Have good information on how to install the software is a major win for project adoption. The fewer hoops that people have to jump through in order to install the software the better and good documentation removes a major hurdle to adoption. As per our project work priorities we are reworking the installation process so we will decided to defer this documentation work until after the installation automation work is done.

The relevant issues are here:

Some information about installs is now clearly documented in the project readme.

You can see what we did to streamline the installation later in this article.

Code reviews and Pull requests

How you deal with contributors work is a very important social aspect of a good project. We try to lead by example by offering a clear review of a Pull Request (PR) from a contributor here:

https://github.com/persephone-tools/persephone/pull/68

Giving direct feedback without being emotive about it allows people a good chance to improve their code and also strongly signals the projects intent to have solid internal quality.

Code engineering improvements

One of the biggest ways in which we can bring value to the project is via improving the software engineering aspects of the project. Many of these tasks give the project more utility even if they don't directly add new features for users.

Cleaning up the install

Being able to cleanly install the project with a package manager is very important, this involves tracking down package dependencies and doing the required work to enable the package to be installed via a package manager. Python package installs require you to write a setup.py file that contains various metadata required to install the project. In any install automation process you are forced to carefully analyze and then record your project dependencies in a machine readable format. This is done in the install_requires section of the setup command.

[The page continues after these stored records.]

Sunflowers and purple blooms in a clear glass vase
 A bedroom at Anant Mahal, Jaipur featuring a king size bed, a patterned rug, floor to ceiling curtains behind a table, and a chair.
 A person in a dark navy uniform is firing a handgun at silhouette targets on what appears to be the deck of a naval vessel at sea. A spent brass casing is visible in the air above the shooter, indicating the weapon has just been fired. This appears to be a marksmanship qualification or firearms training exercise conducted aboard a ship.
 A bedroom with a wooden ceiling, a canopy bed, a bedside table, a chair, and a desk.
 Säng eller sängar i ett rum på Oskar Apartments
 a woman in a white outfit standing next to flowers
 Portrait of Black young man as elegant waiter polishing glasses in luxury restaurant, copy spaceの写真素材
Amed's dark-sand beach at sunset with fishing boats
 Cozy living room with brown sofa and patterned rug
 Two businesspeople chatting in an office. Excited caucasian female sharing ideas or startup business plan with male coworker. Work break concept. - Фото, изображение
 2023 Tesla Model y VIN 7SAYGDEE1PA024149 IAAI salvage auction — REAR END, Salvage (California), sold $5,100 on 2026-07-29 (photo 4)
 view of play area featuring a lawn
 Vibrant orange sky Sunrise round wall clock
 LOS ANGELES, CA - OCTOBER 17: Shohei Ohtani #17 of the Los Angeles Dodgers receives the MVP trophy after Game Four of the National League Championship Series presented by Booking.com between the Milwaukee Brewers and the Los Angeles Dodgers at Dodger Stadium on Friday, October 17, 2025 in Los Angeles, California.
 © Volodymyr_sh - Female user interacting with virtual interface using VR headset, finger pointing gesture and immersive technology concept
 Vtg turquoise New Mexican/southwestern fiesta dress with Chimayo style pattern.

There are a few general processes that you can use to introduce formal package dependency management into an existing Python project. One simple way is to make a fresh install with no package dependencies installed, from there you can then attempt to iteratively run the code+tests and find out where the failing imports occur. After each failing import is fixed you then record the code dependency in your requirements and commit the changes. You then iterate until this is completed for all dependencies.

Another approach involves static analysis of the imports with a tool such as Pylint, these tools scan the source files and with a proper path set up they will then be able to report on which imports fail. This allows you to find which names must be importable from external packages and also allows you to track down any internal import issues your code may have.

Finding dependencies

Via analyzing the code we found one 3rd party package that needed to be installed and created an issue here:

https://github.com/persephone-tools/persephone/issues/21

Installation via setuptools

In order to be able to install via package managers such as pip you need to be able to have a properly defined setup.py with setuptools.

We opened a pull request with the changes required to make the code installable as a standalone python package:

https://github.com/persephone-tools/persephone/pull/22

Containers

Containers are a great way to automate an environment for users. This is exceedingly beneficial for getting new contributors on board quickly as they don't need to spend as much time setting up the environment to run the code. Consider someone who finds a bug that takes 15 minutes to fix, you want to let them fix that bug in as close to 15 minutes as possible, if people have to spend multiple hours getting the environment right first it will act as a very strong disincentive from one-off contributors. Getting a container for development is a big win.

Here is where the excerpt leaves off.